Here I define a Keras Sequence generator to provide batches. You don't really need this for this tabular dataset, as the data does not need to be augmented in any way. So it would actually be much simpler to use just basic Keras functionality and provide the training data as is.

However, I also wanted to try to combine this with my [3D CNN kernel] model, in which case I needed a generator to provide both the augmented 3D images and the tabular data rows. So doing the generator here allows simple combination of the two when needed. I did another kernel doing that, but its nothing special and scores less than this one so leaving it unpublished for now.

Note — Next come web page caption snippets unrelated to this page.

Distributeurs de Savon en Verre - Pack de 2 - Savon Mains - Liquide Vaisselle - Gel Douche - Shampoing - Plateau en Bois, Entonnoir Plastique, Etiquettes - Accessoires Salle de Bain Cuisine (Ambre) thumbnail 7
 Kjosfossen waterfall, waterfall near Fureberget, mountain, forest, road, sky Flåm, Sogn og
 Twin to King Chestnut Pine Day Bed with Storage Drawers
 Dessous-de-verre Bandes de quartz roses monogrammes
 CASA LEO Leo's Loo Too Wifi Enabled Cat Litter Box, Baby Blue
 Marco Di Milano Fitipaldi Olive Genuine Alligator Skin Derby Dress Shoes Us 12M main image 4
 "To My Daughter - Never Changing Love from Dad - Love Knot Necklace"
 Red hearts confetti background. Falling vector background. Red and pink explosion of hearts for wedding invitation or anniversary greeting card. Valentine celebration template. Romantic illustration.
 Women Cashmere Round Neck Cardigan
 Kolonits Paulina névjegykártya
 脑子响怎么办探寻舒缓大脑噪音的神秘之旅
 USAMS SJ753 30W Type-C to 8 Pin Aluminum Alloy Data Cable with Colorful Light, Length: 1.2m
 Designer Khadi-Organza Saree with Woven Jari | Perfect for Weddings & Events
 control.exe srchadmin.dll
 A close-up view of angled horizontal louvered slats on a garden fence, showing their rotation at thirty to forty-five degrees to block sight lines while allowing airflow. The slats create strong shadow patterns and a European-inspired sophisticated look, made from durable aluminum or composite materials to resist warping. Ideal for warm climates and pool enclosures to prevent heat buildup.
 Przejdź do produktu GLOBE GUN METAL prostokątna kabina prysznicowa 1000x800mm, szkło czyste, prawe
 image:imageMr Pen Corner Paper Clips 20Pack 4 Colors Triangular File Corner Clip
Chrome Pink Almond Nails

First, a small utility function to shuffle x and y at the end of each training epoch:

In [None]:
def unison_shuffled_copies(a, b):
    assert len(a) == len(b)
    p = np.random.permutation(len(a))
    new_a = a.iloc[p]
    new_b = b.iloc[p]
    return new_a, new_b

And the generator itself:

In [None]:

#https://stackoverflow.com/questions/49404993/keras-how-to-use-fit-generator-with-multiple-inputs
class MySequence3D(Sequence):

    def __init__(self, x_set, y_set, batch_size, mode="train", augment=True):
        self.x, self.y = x_set, y_set
        self.batch_size = batch_size
        self.mode = mode
        self.max_idx = math.ceil(len(x_set)/batch_size)
        self.augment = augment

    def __len__(self):
        #TODO: check is correct
        return int(np.ceil(len(self.x) / float(self.batch_size)))

    def __getitem__(self, idx):
        idx2 = idx % self.max_idx
        start = idx2 * self.batch_size
        end = min(start + batch_size, len(self.x))
        batch_x = self.x.iloc[start : end]
        batch_y = self.y.iloc[start : end]
        
        next_batch_num = []
        for index, row in batch_x.iterrows():
            #print(row)
            nums = [row[col] for col in dense_cols]
            nums = np.array(nums)
            file_name = row["patient_id"]
            next_batch_num.append(nums)
        np_y = np.array(batch_y)
        np_x_num = np.array(next_batch_num)
        del next_batch_num
        del batch_y
        #print(f"loaded shape: {np_x.shape}, batch={idx}")
        result = np_x_num, np_y

        #print(f"shapes: {result[0].shape}, {result[1].shape}")
        return result

    def on_epoch_end(self):
        self.x, self.y = unison_shuffled_copies(self.x, self.y)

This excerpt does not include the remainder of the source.